I haven't addressed that yet. First I need to enumerate all the
various ways that one word can be derived from another. (quick,
quickly, quicker, quickest, quickness, quickosity,
quickability, ... :)

> Actually I don't have the first clue how much a lexicon shrinks/grows by
> as a result of stemming; those numbers are unadulterated guesswork. But
> people who work on text-retrieval tools would know the facts.

I don't know either. It would an interesting topic to explore. But
then, now we're really far afield from cryptography.

--gary

From: Fiziwig on
On Jul 23, 5:25 am, Paulo Marques <pmarq...(a)grupopie.com> wrote:

>
> I'm afraid you still have a bug, though :(
>
> When building N-ary huffman trees you have to make sure the number of
> elements fill up a N-branched tree _completely_.
>
> This means that for a 26-ary tree, the number of starting elements needs
> to be "25 * N + 26" for some integer N. If they're not, you need to add
> dummy zero frequency elements to the end of the tree before start
> building it.

I looked it up. The number of starting elements needs to be congruent
to 1 mod n-1, so it has to be of the form 25X + 1.

I had 9315 words, so I added 11 DUMMY words with 0 probability to make
9326. The results were strange.

Total Words 1075617
Total Letters 1246124
Average letters per word 1.16

The program claims an average of 1.16 letters per word, but that
seemed suspiciously low to me so I looked at the numbers.

The top 14 words are 1-letter codes.
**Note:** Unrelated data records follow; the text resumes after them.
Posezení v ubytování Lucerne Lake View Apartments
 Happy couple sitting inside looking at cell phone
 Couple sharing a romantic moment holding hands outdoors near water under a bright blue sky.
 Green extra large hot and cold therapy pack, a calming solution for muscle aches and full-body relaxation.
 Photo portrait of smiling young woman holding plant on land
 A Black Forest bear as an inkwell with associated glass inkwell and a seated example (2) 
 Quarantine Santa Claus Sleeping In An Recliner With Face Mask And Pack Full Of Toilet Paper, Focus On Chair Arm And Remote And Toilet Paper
Those top 14 words make up 26% of
a typical English text. The next top 225 words are 2-letter codes, and
the whole 239 top words make up 62% of a typical English text. So with
26% * 1 + 36% * 2 and the remaining 38% being mostly 3-letter codes
that works out to 2.12 letters per word (approximately since I didn't
account for those few 4-letter codes) so I suspect there's something
wrong with the calculation done by the program. Although I don't see
what could be wrong. It's simply the total number of code letters used
divided by the total of all word frequencies, and my original corpus
was slightly more than a million words, so that number looks right.
I'll double check it.

Even so, 2.12 is about 8% better than the previous 2.30.

Thanks for spotting my oversight.

-gary